The web server asks the operating system to load and run the script, and then it (the web server) passes the data (from the form) to the script. The script process the data and outputs a response (which would normally be another form).

Warning

I've used './script.pl' to indicate the script is in the 'current' directory, but be warned, the CGI protocol does not specify what the current directory is at any time.

In fact, it does not even specify that any current directory exists. Your scripts must, at all times, know exactly where they are and what they are doing.

Remember, this 'action' is taking place inside (ie from the point of view of) the web server.

Web Page Content

Web pages usually contain data in a combination of languages:

Text: Display this text
Image references: Display this image
HTML: Format the text and images. HTML is a 'rendering' language
XML: Echo and describe the text, eg to 'data mining' page crawlers
JavaScript, for these reasons:
Create special effects (trivial)
Validate form input (somewhat more important)

For security reasons, though, all form input must be validated on the server side, despite any validation done by JavaScript. The JavaScript should simply be seen as a convenience for the person inputting data into the form.

Yes, scripts can output scripts! Specifically, scripts can output web pages containing JavaScript, etc. There's even a Perl interface to Macromedia's Flash. Where I used to work, some salesmen were obsessed with Flash, because it's all they understand of the software we write :-(. In Flash's defense, you'd have to say it's too trivial to have pretensions.

JavaScript

As a Perl aficionado, you may be tempted to look down on JavaScript, but you shouldn't. It really does have its uses.

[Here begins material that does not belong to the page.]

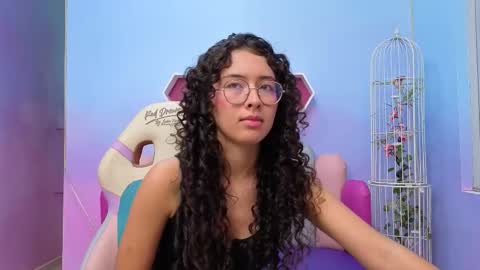 Snapshot of sashamonroee_ chatting on October 2025 04:09:01 AM SashaMonroee  online show from October 2025 04:09:01 AM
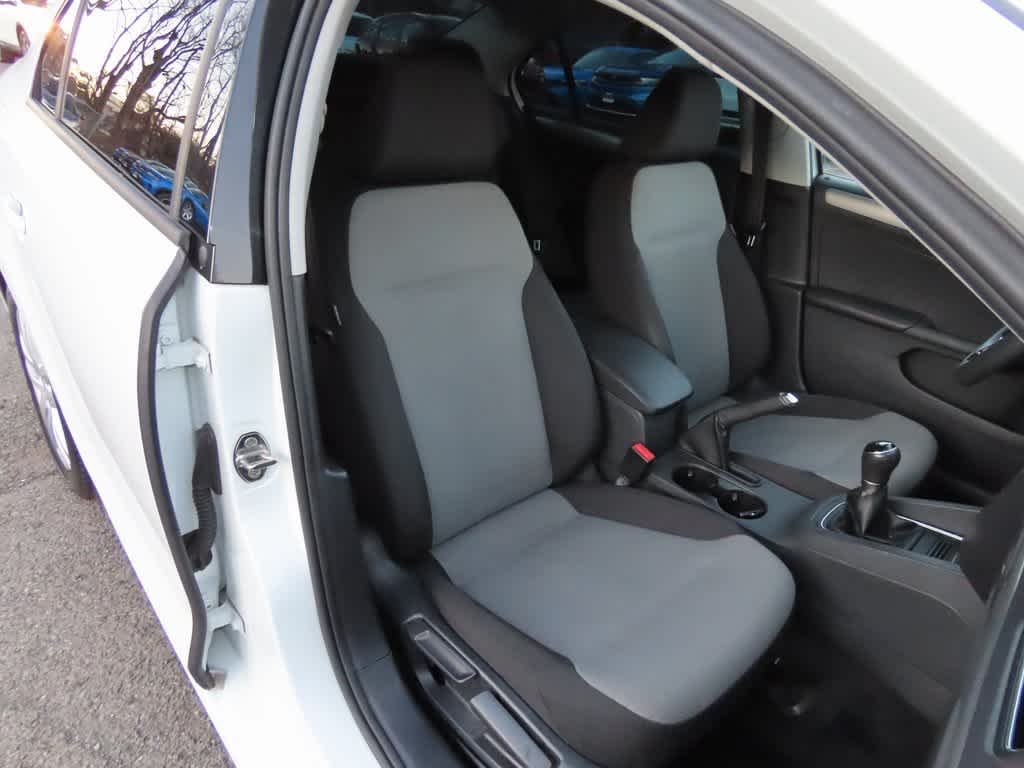 Thumbnail: 2018 Volkswagen Jetta - 15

When a page contains JavaScript to validate form input, this means quite a bit of a saving for the web client.

Without the JavaScript here's what would happen (call this 'overhead'):

The form's data would have to be sent to the web server. This means one trip across the internet
The web server would have to run the script which is to validate the data
The web server would have to pass the data to the script
The script would have to read and parse the data
The script would have to validate the data
The script would have to send a response to the web server
The web server would have to send a response to the web client. This means a second trip across the internet

All of this takes time. When the JavaScript runs, it runs inside the web client, eg browser, so the web client gets a response much faster.

Of course, complex validation often requires access to databases and so on, so sometimes there is no escape from the overhead just listed.

For example, where I work we noticed some pages were appearing very slowly, and I tracked it down to 3.6Mb (yes!!!) of JavaScript in some pages, which was being used to stop inputting of duplicate data. Naturally this JavaScript was being created by a Perl program :-).

Digression: HTML 'v' XML

As an aside, here's how HTML compares to XML.

HTML is a rendering language. It indicates how the data is to be displayed.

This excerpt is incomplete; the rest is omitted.